[DATASET EXCERPT]

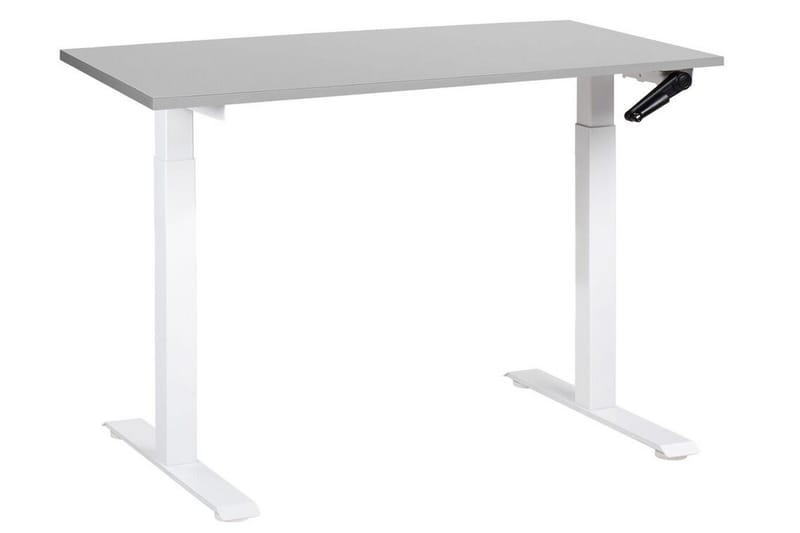 Bina Työpöytä 72x120 cm - Harmaa/Valkoinen - Huonekalut - Pöytä & ruokailuryhmä - Työpöytä - Tietokonepöytä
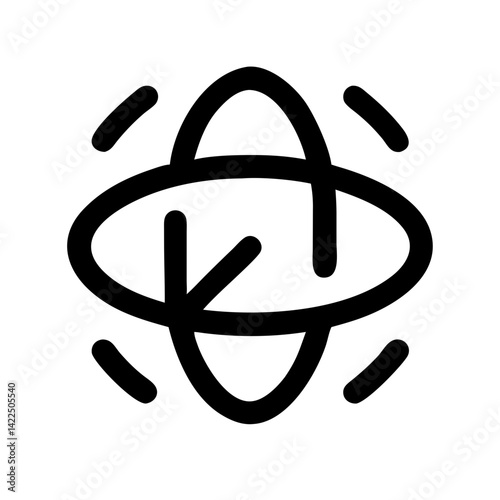 360 degrees glyph flat vector icon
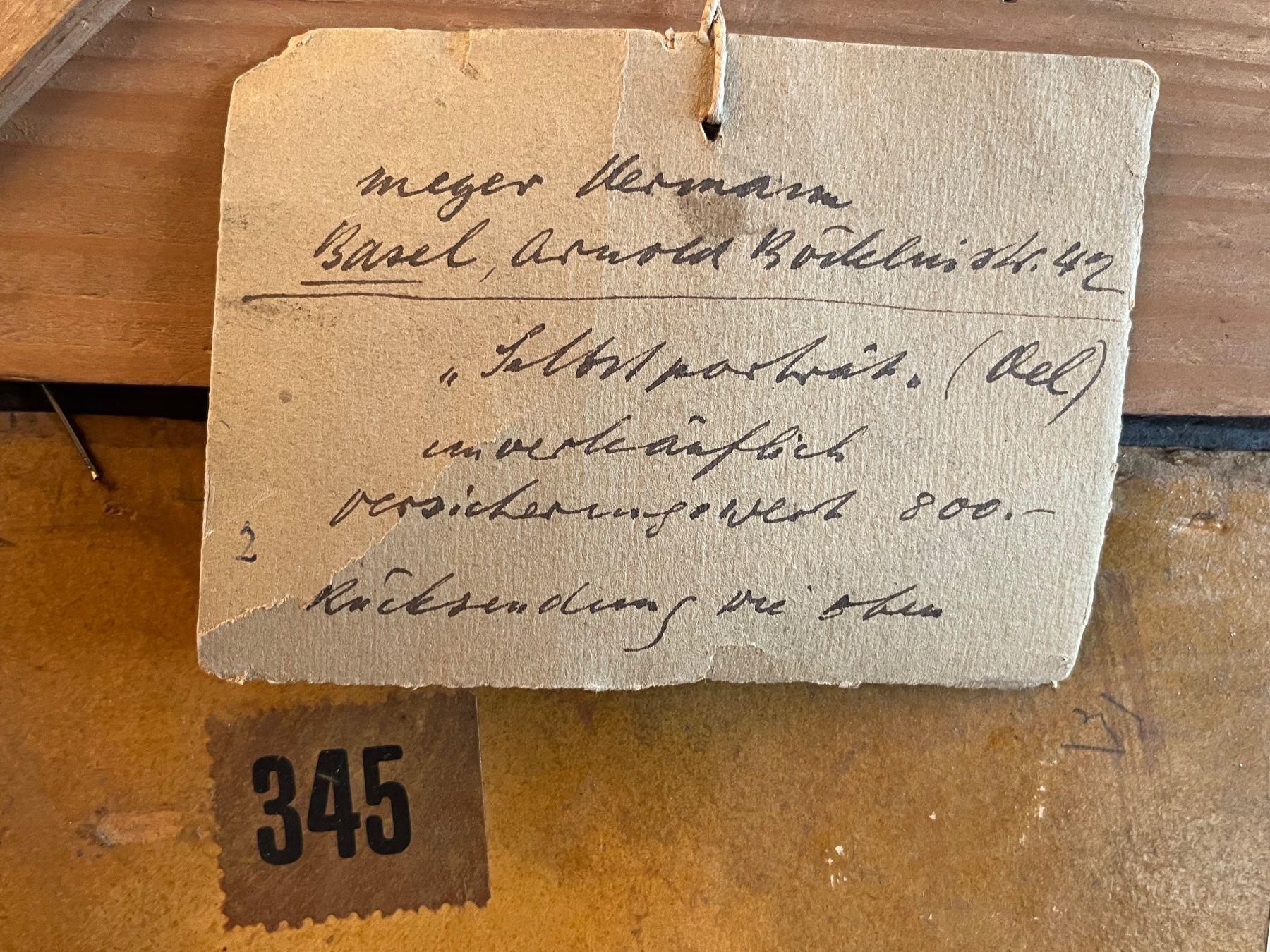 Dipinti: HERMANN MEYER  1878 - 1961 Selbstporträt – Usato da Basel venduto da PAUL_ART 8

[/DATASET EXCERPT]

▶ AIM OF THE TASK:
Print the material again, unchanged, without its pictures.

▶ EXERCISE RESULT:
 Bina Työpöytä 72x120 cm - Harmaa/Valkoinen - Huonekalut - Pöytä & ruokailuryhmä - Työpöytä - Tietokonepöytä
 360 degrees glyph flat vector icon
 Dipinti: HERMANN MEYER  1878 - 1961 Selbstporträt – Usato da Basel venduto da PAUL_ART 8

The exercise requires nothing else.